What is being asked ::
Leave out the pictures and restate the rest of the data exactly.

Material for the task ::
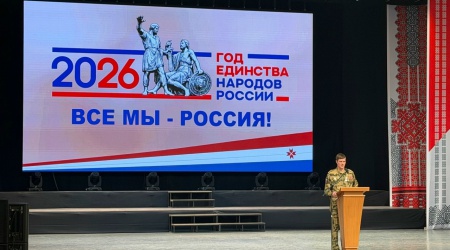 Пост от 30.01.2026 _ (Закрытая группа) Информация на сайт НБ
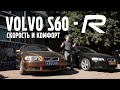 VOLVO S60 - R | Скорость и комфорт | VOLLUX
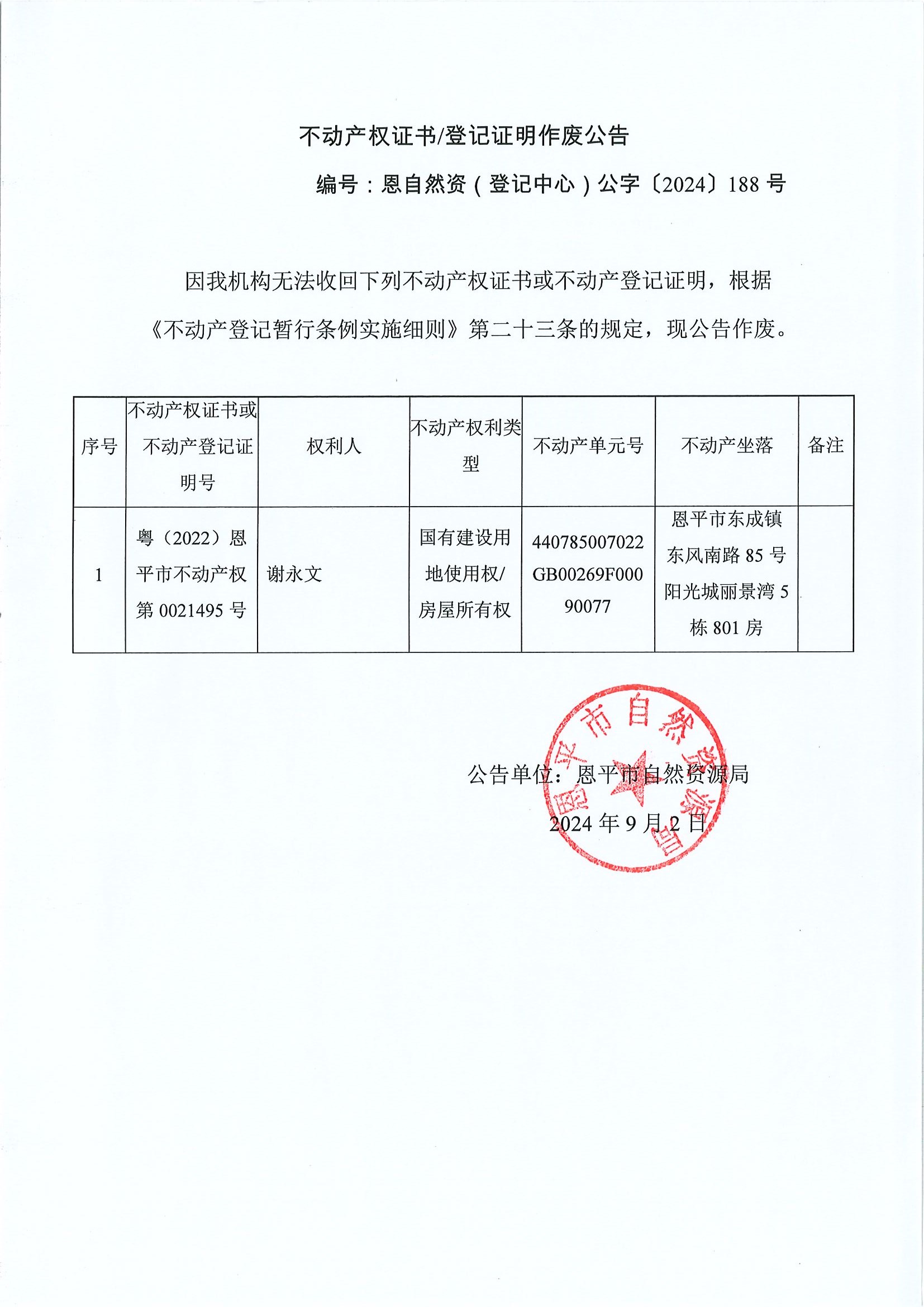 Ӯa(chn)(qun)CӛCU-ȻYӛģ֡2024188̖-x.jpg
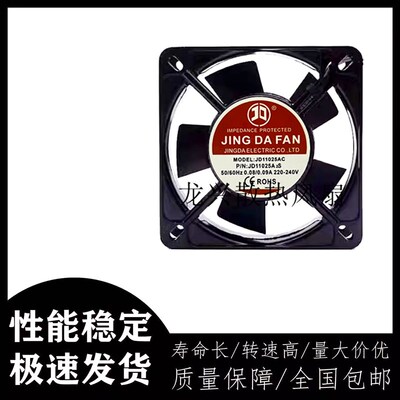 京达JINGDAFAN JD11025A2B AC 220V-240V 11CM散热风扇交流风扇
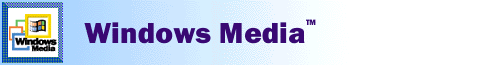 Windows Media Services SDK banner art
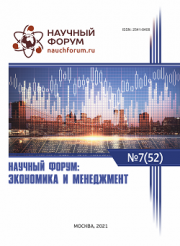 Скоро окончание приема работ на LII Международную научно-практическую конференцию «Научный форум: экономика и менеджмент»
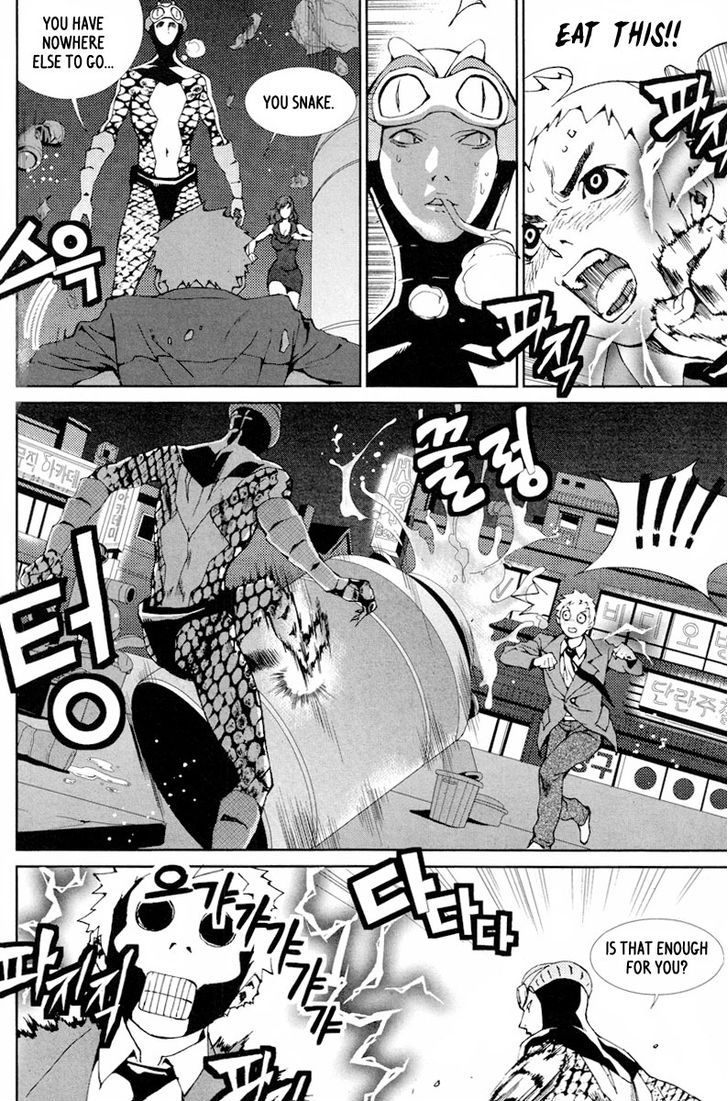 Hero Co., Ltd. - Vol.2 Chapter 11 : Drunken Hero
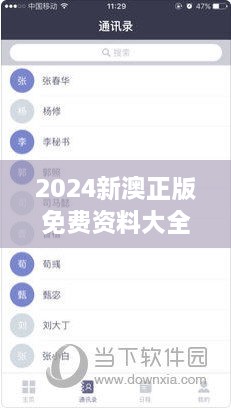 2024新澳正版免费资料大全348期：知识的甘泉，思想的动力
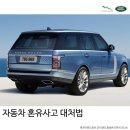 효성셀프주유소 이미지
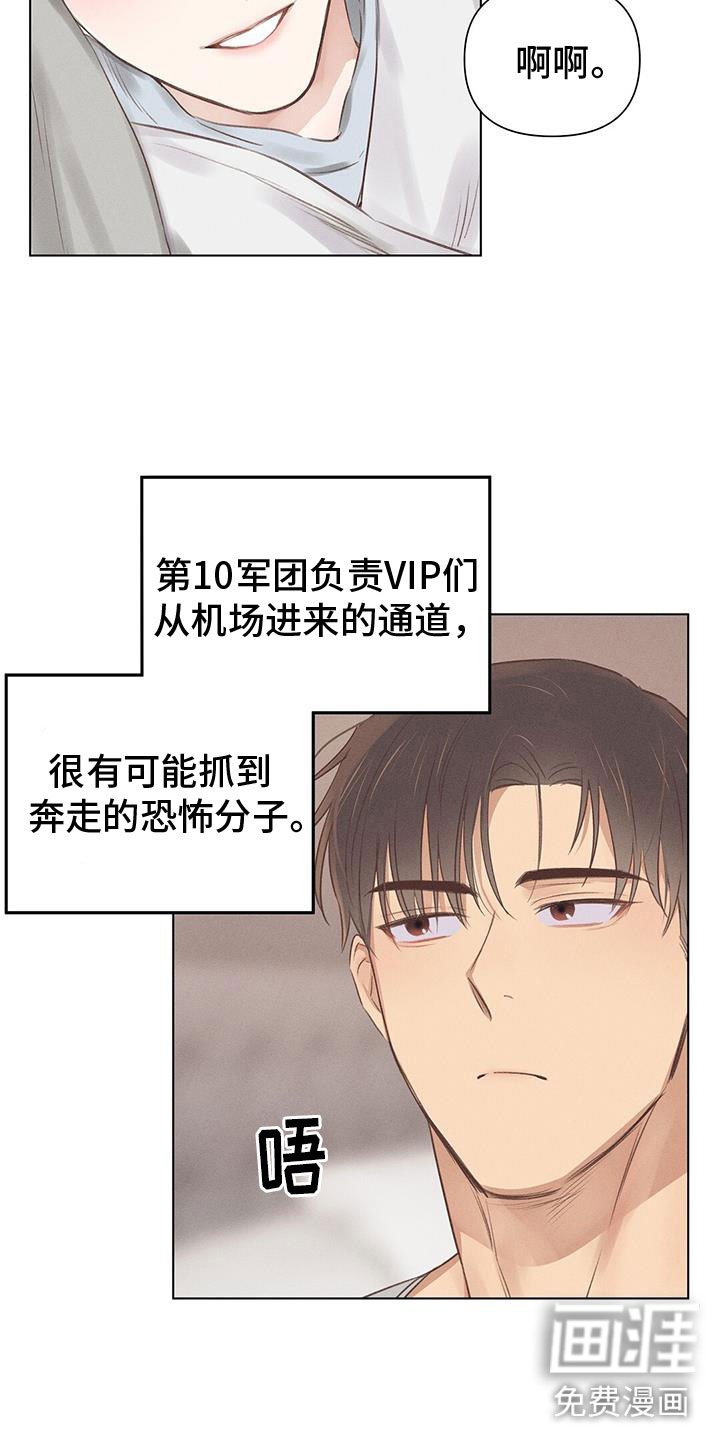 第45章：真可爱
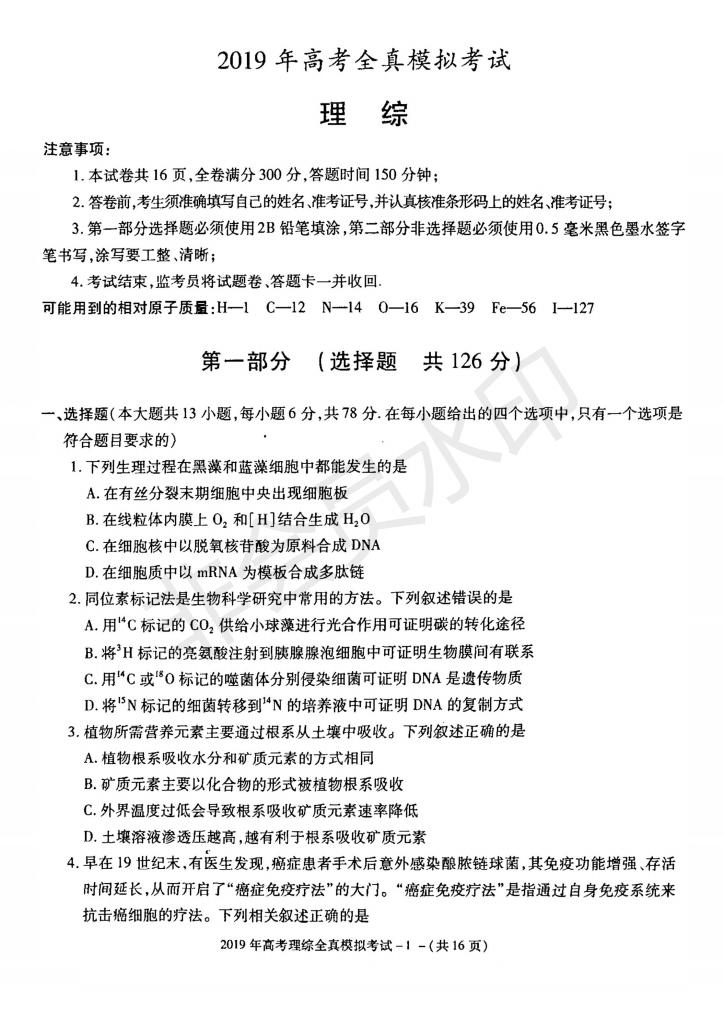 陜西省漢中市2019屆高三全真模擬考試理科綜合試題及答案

Solved exercise ::
 Пост от 30.01.2026 _ (Закрытая группа) Информация на сайт НБ
 VOLVO S60 - R | Скорость и комфорт | VOLLUX
 Ӯa(chn)(qun)CӛCU-ȻYӛģ֡2024188̖-x.jpg
 京达JINGDAFAN JD11025A2B AC 220V-240V 11CM散热风扇交流风扇
 Windows Media Services SDK banner art
 Скоро окончание приема работ на LII Международную научно-практическую конференцию «Научный форум: экономика и менеджмент»
 Hero Co., Ltd. - Vol.2 Chapter 11 : Drunken Hero
 2024新澳正版免费资料大全348期：知识的甘泉，思想的动力
 효성셀프주유소 이미지
 第45章：真可爱
 陜西省漢中市2019屆高三全真模擬考試理科綜合試題及答案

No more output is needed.